Our history class on the Middle Ages was a revelation (I remain indebted to Herman Van Bostraeten at Sint-Barbaracollege): instead of just being taught the starting point and the end point of the Dark Ages, e.g. from the fall of the Western Roman Empire in 476 till the invention of the printing press by Gutenberg in 1444, our teacher extraordinaire broke us up into groups. He gave each group a different set of dates and events. And he asked us to first defend and then challenge “our” dates as the best selection of start and end thresholds for the Middle Ages. Although this must have been 1979, to this day I remember my group had the Council of Nicaea (325) and the Sack of Rome (410) as possible entry points into the Middle Ages, and the Fall of Byzantium (1453) and Columbus’ expedition to the Americas (1492) as plausible stepping stones towards Enlightenment.

So each group did some research and came up with arguments for and against our respective milestones. I can tell you that our class of 14-year-olds developed a robust understanding of what “Middle Ages” refers to – and very few of us remained allergic to history after this experience.

When reporting on the translation quality of an assessment, it is tempting to provide the client organisation or the end user with an astute selection of errors that required corrective action. When reporting on the target language version’s equivalence to the source, it is slick to come up with a memorable example of a mistranslation. However, like the Dark Ages, linguistic quality and equivalence to the source is too complex to be summarized using a few striking samples. These snapshots may or may not be representative of the overall balance between faithfulness to the source and fluency in the target version. There are different types of equivalence: semantic equivalence, register equivalence, normative equivalence to the source, conceptual equivalence across cultures… and there is psychometric equivalence, which no linguist should claim to be able to determine.
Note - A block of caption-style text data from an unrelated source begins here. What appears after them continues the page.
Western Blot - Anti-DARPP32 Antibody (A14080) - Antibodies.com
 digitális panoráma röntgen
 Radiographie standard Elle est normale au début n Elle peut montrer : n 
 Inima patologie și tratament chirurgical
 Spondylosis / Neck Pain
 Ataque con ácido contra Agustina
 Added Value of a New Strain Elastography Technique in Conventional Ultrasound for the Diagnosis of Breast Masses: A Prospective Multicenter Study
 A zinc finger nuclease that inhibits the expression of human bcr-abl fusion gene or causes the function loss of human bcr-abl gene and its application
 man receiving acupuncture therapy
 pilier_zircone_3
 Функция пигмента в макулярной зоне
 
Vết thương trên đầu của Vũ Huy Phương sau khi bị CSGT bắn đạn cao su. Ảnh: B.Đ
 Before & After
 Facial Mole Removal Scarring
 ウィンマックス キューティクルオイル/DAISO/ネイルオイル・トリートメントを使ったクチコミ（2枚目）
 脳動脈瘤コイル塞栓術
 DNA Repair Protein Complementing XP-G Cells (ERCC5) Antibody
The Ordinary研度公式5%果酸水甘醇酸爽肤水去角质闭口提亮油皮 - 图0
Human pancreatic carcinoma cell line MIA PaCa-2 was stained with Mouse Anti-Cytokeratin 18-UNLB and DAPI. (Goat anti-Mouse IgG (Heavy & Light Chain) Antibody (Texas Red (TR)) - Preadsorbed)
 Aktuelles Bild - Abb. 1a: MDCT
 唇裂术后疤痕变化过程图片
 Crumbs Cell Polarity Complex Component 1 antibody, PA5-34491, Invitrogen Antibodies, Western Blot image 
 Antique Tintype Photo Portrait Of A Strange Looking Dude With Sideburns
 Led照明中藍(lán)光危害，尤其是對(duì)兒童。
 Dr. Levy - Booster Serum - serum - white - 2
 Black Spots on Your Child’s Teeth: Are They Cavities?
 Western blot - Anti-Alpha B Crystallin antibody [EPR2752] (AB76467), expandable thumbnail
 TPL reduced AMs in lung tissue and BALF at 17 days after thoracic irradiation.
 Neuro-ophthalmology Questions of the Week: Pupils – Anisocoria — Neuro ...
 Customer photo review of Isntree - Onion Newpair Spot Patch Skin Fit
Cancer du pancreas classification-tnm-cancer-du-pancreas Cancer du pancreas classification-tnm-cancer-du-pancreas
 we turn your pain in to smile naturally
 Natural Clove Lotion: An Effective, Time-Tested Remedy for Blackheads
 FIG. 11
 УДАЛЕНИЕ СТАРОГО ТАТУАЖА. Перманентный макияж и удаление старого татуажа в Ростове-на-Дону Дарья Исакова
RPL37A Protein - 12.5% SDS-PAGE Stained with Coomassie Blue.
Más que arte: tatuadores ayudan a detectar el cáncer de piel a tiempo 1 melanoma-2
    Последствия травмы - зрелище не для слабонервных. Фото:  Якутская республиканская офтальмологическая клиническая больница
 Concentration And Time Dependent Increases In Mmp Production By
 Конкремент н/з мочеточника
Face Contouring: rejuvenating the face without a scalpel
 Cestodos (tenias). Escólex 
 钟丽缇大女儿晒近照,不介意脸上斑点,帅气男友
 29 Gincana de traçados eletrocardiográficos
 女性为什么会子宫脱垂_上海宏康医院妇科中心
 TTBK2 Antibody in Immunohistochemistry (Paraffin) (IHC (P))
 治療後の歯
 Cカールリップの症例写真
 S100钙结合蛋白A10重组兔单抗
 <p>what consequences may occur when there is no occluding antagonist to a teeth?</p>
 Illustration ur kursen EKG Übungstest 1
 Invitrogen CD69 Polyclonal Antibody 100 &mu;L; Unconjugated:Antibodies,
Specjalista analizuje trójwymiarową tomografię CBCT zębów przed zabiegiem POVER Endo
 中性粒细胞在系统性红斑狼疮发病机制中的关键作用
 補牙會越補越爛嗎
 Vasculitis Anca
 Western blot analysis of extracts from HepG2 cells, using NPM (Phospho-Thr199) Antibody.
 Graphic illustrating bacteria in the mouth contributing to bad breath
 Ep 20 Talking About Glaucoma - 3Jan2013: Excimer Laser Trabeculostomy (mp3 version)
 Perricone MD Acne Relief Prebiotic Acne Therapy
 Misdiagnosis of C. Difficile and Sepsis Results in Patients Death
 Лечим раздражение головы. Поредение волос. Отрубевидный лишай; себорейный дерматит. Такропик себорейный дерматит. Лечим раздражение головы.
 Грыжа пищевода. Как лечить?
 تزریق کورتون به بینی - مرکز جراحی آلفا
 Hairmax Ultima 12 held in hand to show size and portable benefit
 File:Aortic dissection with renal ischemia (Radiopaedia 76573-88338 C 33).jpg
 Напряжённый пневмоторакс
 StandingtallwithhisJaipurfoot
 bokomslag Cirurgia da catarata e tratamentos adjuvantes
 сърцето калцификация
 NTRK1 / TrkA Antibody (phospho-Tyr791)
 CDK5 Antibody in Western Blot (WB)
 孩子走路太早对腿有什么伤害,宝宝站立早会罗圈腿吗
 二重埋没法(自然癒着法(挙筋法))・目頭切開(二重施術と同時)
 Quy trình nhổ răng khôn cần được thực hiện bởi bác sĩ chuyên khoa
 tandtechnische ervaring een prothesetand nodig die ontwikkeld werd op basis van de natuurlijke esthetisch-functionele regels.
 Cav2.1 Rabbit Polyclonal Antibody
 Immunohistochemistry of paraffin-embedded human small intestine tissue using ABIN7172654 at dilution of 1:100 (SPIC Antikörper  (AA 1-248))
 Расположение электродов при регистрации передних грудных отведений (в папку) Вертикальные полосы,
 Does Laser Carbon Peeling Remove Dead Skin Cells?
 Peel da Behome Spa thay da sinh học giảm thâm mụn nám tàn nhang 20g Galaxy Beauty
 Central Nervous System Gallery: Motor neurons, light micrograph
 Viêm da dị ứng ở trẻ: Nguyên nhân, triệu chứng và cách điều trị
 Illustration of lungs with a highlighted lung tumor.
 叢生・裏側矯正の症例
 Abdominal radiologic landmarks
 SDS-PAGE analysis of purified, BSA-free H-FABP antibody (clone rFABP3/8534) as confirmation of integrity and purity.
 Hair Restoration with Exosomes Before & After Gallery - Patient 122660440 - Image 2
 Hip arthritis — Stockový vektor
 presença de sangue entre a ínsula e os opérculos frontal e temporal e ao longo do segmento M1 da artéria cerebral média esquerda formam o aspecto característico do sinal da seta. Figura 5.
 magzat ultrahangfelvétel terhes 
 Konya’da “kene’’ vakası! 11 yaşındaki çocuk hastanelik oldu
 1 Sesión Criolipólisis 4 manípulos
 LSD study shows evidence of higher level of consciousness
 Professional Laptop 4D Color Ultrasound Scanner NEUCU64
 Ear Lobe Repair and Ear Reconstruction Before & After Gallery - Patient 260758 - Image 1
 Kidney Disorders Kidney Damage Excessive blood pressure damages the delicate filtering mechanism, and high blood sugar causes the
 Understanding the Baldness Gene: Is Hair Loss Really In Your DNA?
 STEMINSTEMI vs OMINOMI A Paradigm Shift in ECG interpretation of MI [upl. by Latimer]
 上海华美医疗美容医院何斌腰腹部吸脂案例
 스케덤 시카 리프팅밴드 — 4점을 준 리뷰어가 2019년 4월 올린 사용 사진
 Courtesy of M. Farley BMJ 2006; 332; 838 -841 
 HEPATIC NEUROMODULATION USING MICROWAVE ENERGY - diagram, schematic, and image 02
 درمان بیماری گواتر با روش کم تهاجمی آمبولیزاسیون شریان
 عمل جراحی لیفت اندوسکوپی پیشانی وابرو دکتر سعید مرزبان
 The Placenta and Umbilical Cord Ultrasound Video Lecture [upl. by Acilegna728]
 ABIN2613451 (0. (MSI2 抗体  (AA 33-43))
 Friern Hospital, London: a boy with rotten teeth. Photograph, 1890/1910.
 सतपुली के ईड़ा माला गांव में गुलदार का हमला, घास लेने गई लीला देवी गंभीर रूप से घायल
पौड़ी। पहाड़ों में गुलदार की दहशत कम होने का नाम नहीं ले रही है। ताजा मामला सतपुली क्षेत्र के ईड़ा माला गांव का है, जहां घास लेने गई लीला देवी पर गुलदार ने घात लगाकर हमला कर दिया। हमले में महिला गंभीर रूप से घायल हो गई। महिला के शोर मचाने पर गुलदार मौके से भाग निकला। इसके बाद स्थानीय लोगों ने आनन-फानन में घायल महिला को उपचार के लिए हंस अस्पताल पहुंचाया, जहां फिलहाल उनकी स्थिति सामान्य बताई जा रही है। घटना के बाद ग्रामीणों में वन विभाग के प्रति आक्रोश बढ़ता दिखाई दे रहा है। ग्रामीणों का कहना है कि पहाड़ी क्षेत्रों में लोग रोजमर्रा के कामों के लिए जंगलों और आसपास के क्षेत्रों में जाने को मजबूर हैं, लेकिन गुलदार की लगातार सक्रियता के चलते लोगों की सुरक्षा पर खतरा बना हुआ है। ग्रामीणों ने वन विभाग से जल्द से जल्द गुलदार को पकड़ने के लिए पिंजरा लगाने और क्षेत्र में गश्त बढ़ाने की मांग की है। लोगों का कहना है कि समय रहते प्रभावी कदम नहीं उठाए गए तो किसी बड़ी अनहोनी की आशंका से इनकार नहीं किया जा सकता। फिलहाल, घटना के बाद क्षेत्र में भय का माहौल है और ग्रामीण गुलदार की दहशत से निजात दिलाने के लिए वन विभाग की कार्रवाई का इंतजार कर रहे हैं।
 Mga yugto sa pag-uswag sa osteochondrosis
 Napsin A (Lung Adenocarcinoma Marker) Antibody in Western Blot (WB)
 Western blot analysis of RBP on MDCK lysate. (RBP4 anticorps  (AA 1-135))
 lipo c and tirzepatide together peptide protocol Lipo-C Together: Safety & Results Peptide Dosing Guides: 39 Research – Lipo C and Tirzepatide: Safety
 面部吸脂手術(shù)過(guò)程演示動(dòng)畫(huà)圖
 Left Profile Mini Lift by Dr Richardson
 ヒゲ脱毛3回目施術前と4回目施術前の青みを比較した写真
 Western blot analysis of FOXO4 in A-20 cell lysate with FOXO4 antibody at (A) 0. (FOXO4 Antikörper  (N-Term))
This is the task of data analysts. Linguists may help investigating why a test item did not function as expected, but it would obviously be reckless to skip focus groups, cognitive pretesting, pilots and/or field trials on the sole basis of trust in the quality of a translation.

At cApStAn, we have a robust methodology in place, which includes a checklist of linguistic (and other) features that are known to influence the psychometric characteristics of an assessment item or a survey question, such as the relative length of key and distractors in multiple choice questions. We also have an online, searchable repository of translation memories of assessments and questionnaires in multiple languages; finally, but importantly, we have a great partner to conduct focus groups and cognitive pre-testing. As we did for the Middle Ages, we take it upon ourselves to examine, analyse, scrutinise the adapted version of questionnaires through different filters and from different angles. The use of intervention categories — that linguists are trained to use as a reference framework — contributes to a more harmonized feedback, and the number of interventions for each category is the first step towards a metric. Perhaps it is more interesting to find out that a given set of response categories raised translation issues resulting in meaning shifts in say 17 out of 40 languages than to read off a chart that in the Esperanto version of the test there were 17 grammar/syntax issues. Decoding the information gathered by linguists and by automated linguistic quality assurance routines requires discernment and, most of all, a holistic approach, similar to what our history teacher proposed to decode landmark dates of the Middle Ages.